— Requirement —
From the entries below, copy exactly the lines from the one that contains "Departamento - Venta" through the one that contains "南宫娱乐-曼联客场首败,瓜帅重获联赛头名", both included, and only those.

— Crawled caption data —
+===+
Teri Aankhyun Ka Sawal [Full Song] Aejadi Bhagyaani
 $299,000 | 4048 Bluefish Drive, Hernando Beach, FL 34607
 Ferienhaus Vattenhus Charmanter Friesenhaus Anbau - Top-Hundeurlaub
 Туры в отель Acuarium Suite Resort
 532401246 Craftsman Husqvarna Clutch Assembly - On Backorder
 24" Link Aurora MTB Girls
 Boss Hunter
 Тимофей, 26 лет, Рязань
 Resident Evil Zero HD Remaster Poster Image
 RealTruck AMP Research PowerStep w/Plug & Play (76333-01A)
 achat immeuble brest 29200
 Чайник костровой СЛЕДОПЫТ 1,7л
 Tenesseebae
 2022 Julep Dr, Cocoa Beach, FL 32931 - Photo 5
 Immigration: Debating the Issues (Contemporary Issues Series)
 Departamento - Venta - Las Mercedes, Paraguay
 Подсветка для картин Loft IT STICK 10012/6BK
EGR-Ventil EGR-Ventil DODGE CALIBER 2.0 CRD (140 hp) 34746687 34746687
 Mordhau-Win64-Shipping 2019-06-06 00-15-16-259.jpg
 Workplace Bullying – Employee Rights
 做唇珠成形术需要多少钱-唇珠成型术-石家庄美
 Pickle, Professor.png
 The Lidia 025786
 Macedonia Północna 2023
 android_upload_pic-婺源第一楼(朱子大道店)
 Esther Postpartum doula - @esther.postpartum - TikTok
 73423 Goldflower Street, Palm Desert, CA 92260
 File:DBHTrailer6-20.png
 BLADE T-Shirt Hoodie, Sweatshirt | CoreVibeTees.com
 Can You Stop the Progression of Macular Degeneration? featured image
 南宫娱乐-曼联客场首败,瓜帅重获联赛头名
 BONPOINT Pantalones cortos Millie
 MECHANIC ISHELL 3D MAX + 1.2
+===+
— Exercise response —
 Departamento - Venta - Las Mercedes, Paraguay
 Подсветка для картин Loft IT STICK 10012/6BK
EGR-Ventil EGR-Ventil DODGE CALIBER 2.0 CRD (140 hp) 34746687 34746687
 Mordhau-Win64-Shipping 2019-06-06 00-15-16-259.jpg
 Workplace Bullying – Employee Rights
 做唇珠成形术需要多少钱-唇珠成型术-石家庄美
 Pickle, Professor.png
 The Lidia 025786
 Macedonia Północna 2023
 android_upload_pic-婺源第一楼(朱子大道店)
 Esther Postpartum doula - @esther.postpartum - TikTok
 73423 Goldflower Street, Palm Desert, CA 92260
 File:DBHTrailer6-20.png
 BLADE T-Shirt Hoodie, Sweatshirt | CoreVibeTees.com
 Can You Stop the Progression of Macular Degeneration? featured image
 南宫娱乐-曼联客场首败,瓜帅重获联赛头名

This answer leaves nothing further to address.